【第二話 若さと無知を利用されて店長に】
🔗 第一話とのつながり
前回は、限界ギリギリの働き方を続けていた日々と、心が壊れていくまでの経緯を書きました。
ではそもそもなぜ、そんな働き方をしていたのか。
答えは単純。
守られる仕組みのない契約で、信じた相手に搾取されていたからだ。
📌 きっかけ
「店長をやってほしい」
そう言われて、一方的にLINEで送られてきたのが、店長用の業務委託契約書。
当時24歳の私は、契約書の意味もリスクも知らずに、チャンスだと思ってしまった。
“断る”という発想すら浮かばなかった。
「あなたならできる」「信頼してる」
そう期待してもらえることが嬉しくて、限界まで頑張った。
でも今なら分かる。
あれは、私の若さと無知を利用するための言葉だった。
🧠 店長なのに、雇われていなかった
「店長」と聞いて、あなたはどう思うだろう?
会社に雇われて、給料をもらって、社会保険に入ってる
少なくとも、会社に守られてる立場だと想像すると思う。
私もそうだった。
でも、送られたのは「雇用契約書」ではなく、
「業務委託契約書」だった。

表にすると、両者の違いがよく分かる。
(すべてのケースがこの通りとは限らない)
💸 報酬は固定、努力はタダ働き
実態はこうだった↓
・毎日9時〜17時、決まった時間と店舗に出勤
・店舗に関するあらゆる指示はオーナーから
・自由なんてなく、完全に拘束されていた
雇われていないのに、雇われているように働かされていた。
「1時間あたり〇〇〇円を元に、月〇〇時間までが固定報酬。
その時間を超えても、追加の支払いはしない」
…つまり、働けば働くほど、タダ働きになる仕組みだった。
出勤は8時間×週5日。
さらに自宅でのLINE対応、HPの編集、発注作業…。
時給換算すれば、どう考えても最低賃金を割っていた。
それなのに、体調不良や家庭の都合で休んだ場合はしっかり減額される。
報酬は上がらないのに、下がることはある
そんな理不尽な世界だった。
⸻
🧨 会社に守られない怖さ
・交通費なし
・保険なし
・労災なし
・怪我をしても、風邪をひいても自己責任
それに加え毎日「何時に来て」「これやって」と指示はバンバン飛んでくる。
自由業なんかじゃない。

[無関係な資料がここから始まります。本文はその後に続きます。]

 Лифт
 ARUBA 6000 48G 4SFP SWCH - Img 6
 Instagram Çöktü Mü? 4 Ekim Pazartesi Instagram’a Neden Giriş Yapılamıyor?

ただの責任だけ背負わされた歯車だった。
📄 契約書は「信頼」じゃなくて「証拠」
わからない言葉もなかったし、自分なりに理解していたつもりだった。
そこに“搾取の仕組み”が隠されていることに、気づけなかった。
「あなたならできる」「信頼してる」
そんな言葉を信じていたし、努力が報われる未来を疑わなかった。
けれどその契約書には、守られない立場がしっかり明記されていた。
できる人を演じ続けた結果、壊れてしまった。
⚡ だからこそ、契約書は必ず第三者の目で見るべき
弁護士や社労士じゃなくてもいい。
身近に頼れる人がいなければAIでもいい。
ChatGPTみたいなAIに契約内容を見せて、
「これ大丈夫?」と聞くだけでも冷静な視点で見てもらえる。
知識がないことは仕方がないけど、確認しないことは危険すぎる。
契約書はあとからそんなつもりじゃなかったと言っても通用しない。
「あの人のことは信頼してるから大丈夫。」で済ませたら、取り返しがつかないことになる。
✍️ 最後に
報酬は増えない。リスクは全部こっち。
労働基準法は適用外。
それが業務委託という名の契約。
これは、“知らない人を狙って搾取する構造”だった。
あなたには、同じ目に遭ってほしくない。
情弱を狙った仕組みにどうか騙されないでほしい。